Bone spurs in the spine can also cause stenosis (narrowing of the spinal cord) resulting in neurological symptoms in the patient due to pressure on the nerves. Neurological symptoms may include a numbness or tingling sensation in one or both legs or arms, progressive weakness in one or both legs or arms, and in rare cases bladder and bowel incontinence.

Diagnosis of Spine Bone Spurs

Diagnosis starts with a physical examination of the affected area and x-rays show the actual condition responsible for producing the symptoms. Other imaging techniques such as CT scan or MRI scan may be ordered by the doctor if there are complications to surrounding structures affected by the bone spur.
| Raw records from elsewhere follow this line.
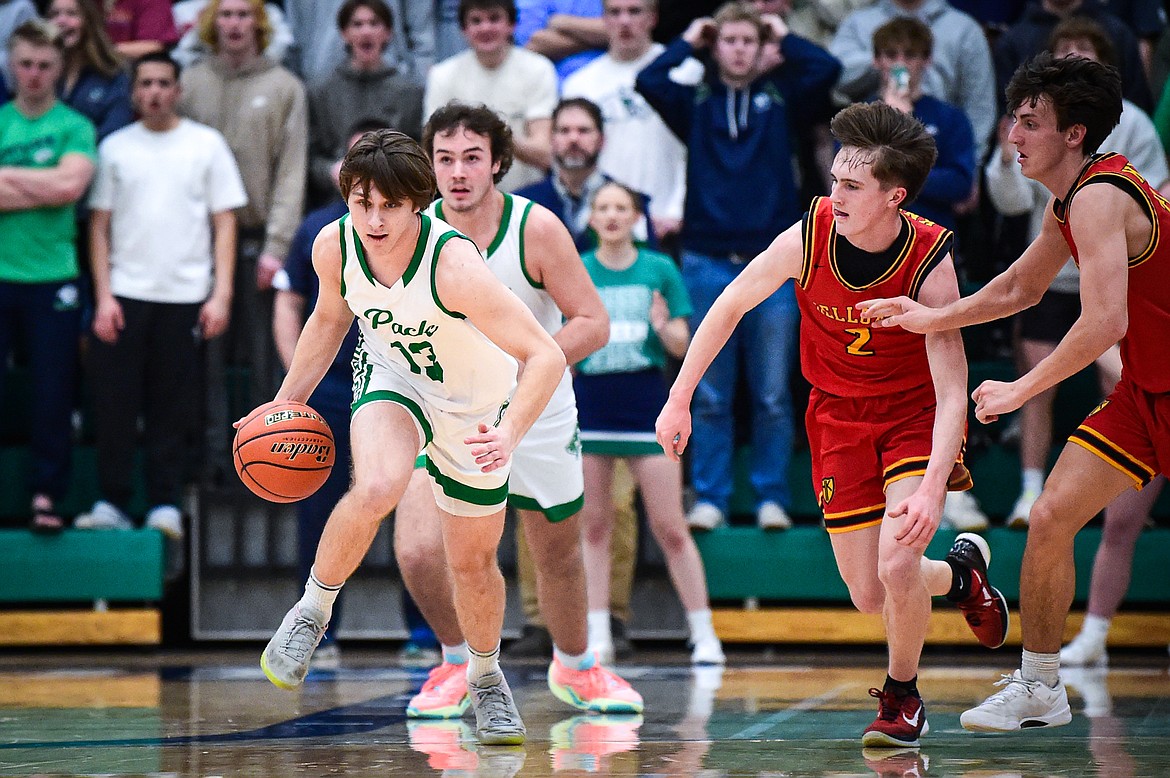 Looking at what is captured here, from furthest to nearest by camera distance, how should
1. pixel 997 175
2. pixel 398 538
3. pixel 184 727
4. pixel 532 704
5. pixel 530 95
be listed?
pixel 530 95 → pixel 997 175 → pixel 532 704 → pixel 398 538 → pixel 184 727

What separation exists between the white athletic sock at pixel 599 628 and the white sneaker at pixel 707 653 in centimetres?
46

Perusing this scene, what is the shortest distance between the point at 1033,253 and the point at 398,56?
538 centimetres

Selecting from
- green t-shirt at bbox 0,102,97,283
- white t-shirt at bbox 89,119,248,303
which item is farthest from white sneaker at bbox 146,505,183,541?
green t-shirt at bbox 0,102,97,283

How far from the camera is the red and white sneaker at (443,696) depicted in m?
5.50

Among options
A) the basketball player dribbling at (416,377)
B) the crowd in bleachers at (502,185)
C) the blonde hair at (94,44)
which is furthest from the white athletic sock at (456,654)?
the blonde hair at (94,44)

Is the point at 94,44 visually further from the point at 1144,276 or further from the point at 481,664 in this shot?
the point at 1144,276

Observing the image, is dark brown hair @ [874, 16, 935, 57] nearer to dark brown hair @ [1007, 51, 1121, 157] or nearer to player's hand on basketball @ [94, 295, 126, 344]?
dark brown hair @ [1007, 51, 1121, 157]

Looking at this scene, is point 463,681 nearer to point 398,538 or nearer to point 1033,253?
point 398,538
Treatment of Spine Bone Spurs

The conservative treatment for spine bone spurs includes:

  • Medications: Non-steroidal anti-inflammatory drugs (NSAIDs) and muscle relaxant medications initially provide pain relief and reduce swelling.
  • Rest: Most people respond well to a short period of rest.
  • Rehabilitation therapy: This involves physical therapy, stretching exercises, and chiropractic manipulation. Chiropractic manipulation can be helpful in some cases but not when there is co-existing osteoporosis or herniated disc because it could increase the symptoms or cause injuries.
  • Steroid injections: Cortisone steroid injections are administered around the nerves or in the "epidural space” to decrease swelling and pain.
  • Acupuncture: Acupuncture can be helpful in cases where the pain is less severe.

In severe cases, surgical removal of the bone spur may be recommended as an option. Surgery is considered for patients in whom the pain or motor loss is documented on examination. A surgical procedure called a laminectomy is generally recommended. This procedure involves the removal of the bone, bone spurs, and ligaments that compress the nerves.